## WHAT TO WORK ON
Leaving out every picture, output the records below exactly as they are.

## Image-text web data
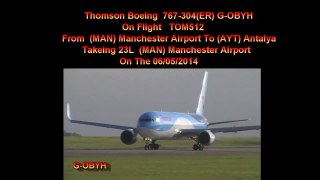 Thomson B767 G-OBYH On TOM512 Takeing Off At Manchester Ap On Runway 23L On 06/05/2014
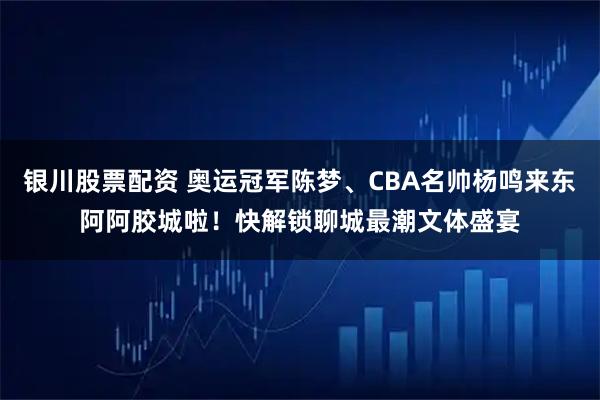 银川股票配资 奥运冠军陈梦、CBA名帅杨鸣来东阿阿胶城啦！快解锁聊城最潮文体盛宴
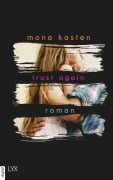 Cover-Bild zum Titel 'Trust Again' von 'Mona Kasten'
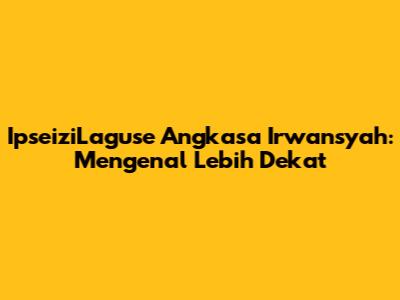 IpseiziLaguse Angkasa Irwansyah: Mengenal Lebih Dekat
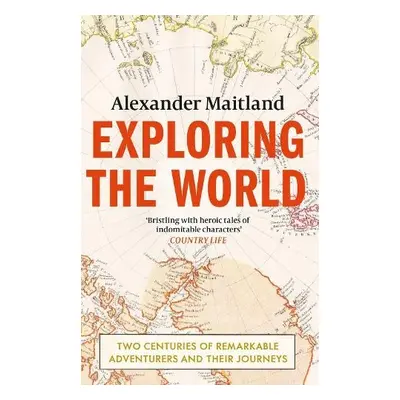 Exploring the World - Maitland, Alexander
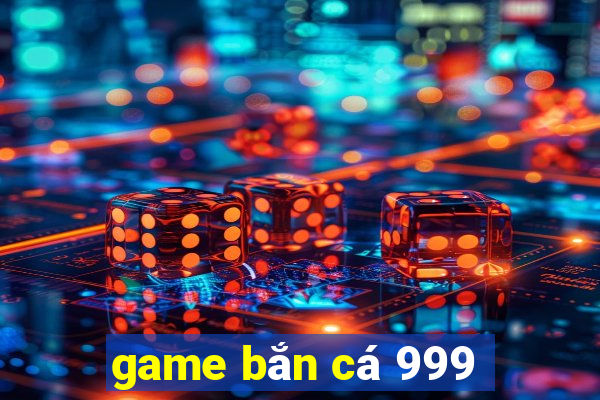 game bắn cá 999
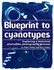 Blueprint to Cyanotypes-Exploring a Historical Alternative Photographic Process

## TASK RESPONSE
 Thomson B767 G-OBYH On TOM512 Takeing Off At Manchester Ap On Runway 23L On 06/05/2014
 银川股票配资 奥运冠军陈梦、CBA名帅杨鸣来东阿阿胶城啦！快解锁聊城最潮文体盛宴
 Cover-Bild zum Titel 'Trust Again' von 'Mona Kasten'
 IpseiziLaguse Angkasa Irwansyah: Mengenal Lebih Dekat
 Exploring the World - Maitland, Alexander
 game bắn cá 999
 Blueprint to Cyanotypes-Exploring a Historical Alternative Photographic Process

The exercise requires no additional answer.